GitHub
deepbox/datasets

Synthetic Data Generators

Parametric generators that create datasets with controllable geometry, difficulty, noise, and dimensionality. Use these for unit testing, benchmarking, teaching, and exploring model behavior. Every generator accepts a randomState seed for full reproducibility.
makeBlobs
makeBlobs(opts?: MakeBlobsOptions): [Tensor, Tensor]

Generate isotropic Gaussian blobs for clustering and classification. Each cluster is sampled from N(μₖ, σ²I) where μₖ is the cluster center and σ is clusterStd. Centers are randomly placed unless explicitly provided. The default produces well-separated clusters ideal for testing KMeans.

Parameters:
opts.nSamples: number - Total number of points equally divided among clusters (default: 100)
opts.nFeatures: number - Dimensionality of each point (default: 2)
opts.centers: number | number[][] - Number of clusters or explicit center coordinates (default: 3)
opts.clusterStd: number - Standard deviation of each cluster (default: 1.0). Lower values → tighter clusters.
opts.randomState: number - Seed for reproducible generation
makeCircles
makeCircles(opts?: MakeCirclesOptions): [Tensor, Tensor]

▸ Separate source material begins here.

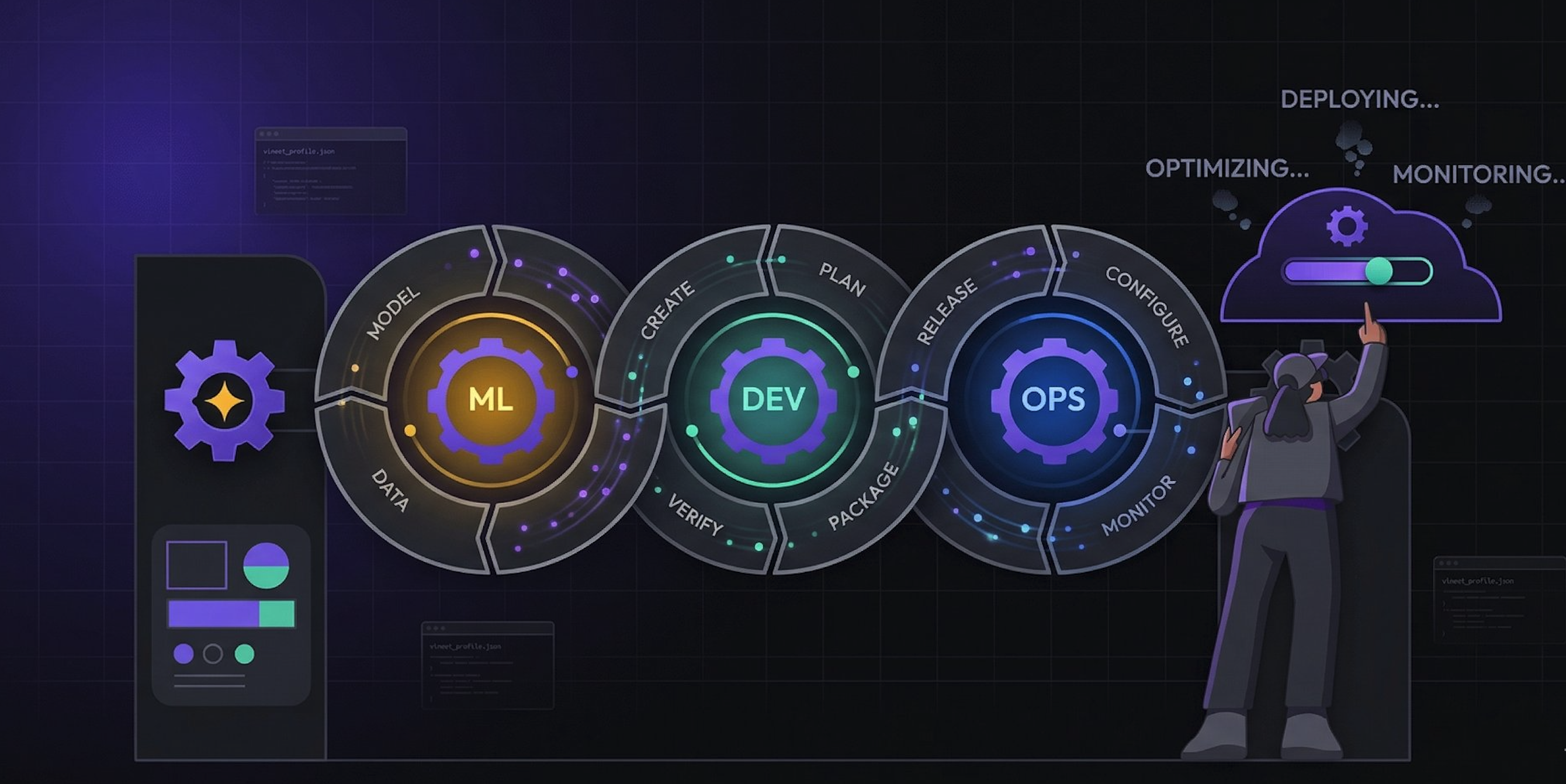 MLOps workflow illustration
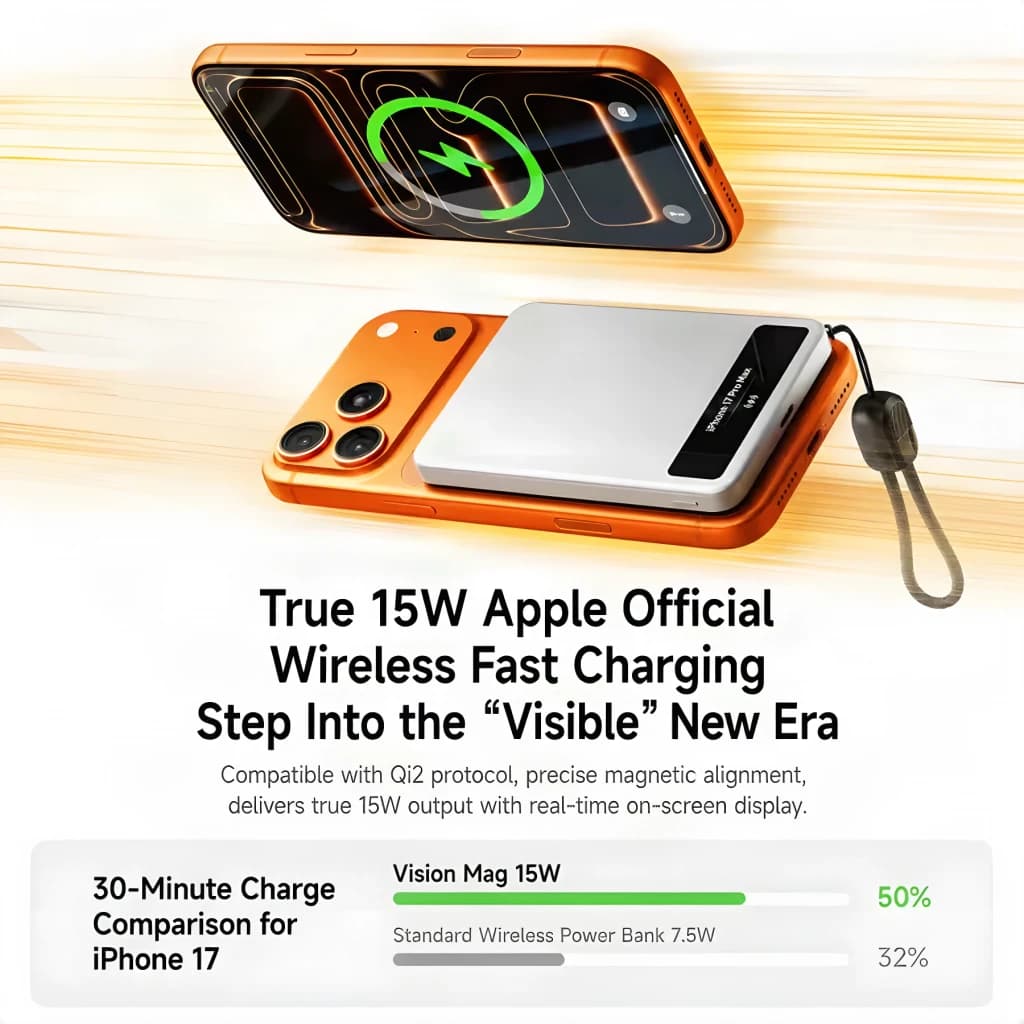 Power Bank Sharge Smart Magnetic M8 5000mAh Argent Qi2 MagSafe 15W, infographie: fixé sur iPhone orange avec icône charge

Generate two concentric circles — an inner ring (class 0) and an outer ring (class 1). Points are uniformly distributed around each circle with optional Gaussian noise. Linear classifiers cannot separate these classes; use kernel SVM, decision trees, or neural networks instead. The factor parameter controls how close the two circles are.

Parameters:
opts.nSamples: number - Total number of points, split equally between inner and outer circles (default: 100)
opts.noise: number - Standard deviation of Gaussian noise added to each point (default: 0)
opts.factor: number - Ratio of inner circle radius to outer circle radius, in (0, 1). 0.5 means the inner circle has half the radius. (default: 0.8)
opts.randomState: number - Seed for reproducibility
makeMoons
makeMoons(opts?: MakeMoonsOptions): [Tensor, Tensor]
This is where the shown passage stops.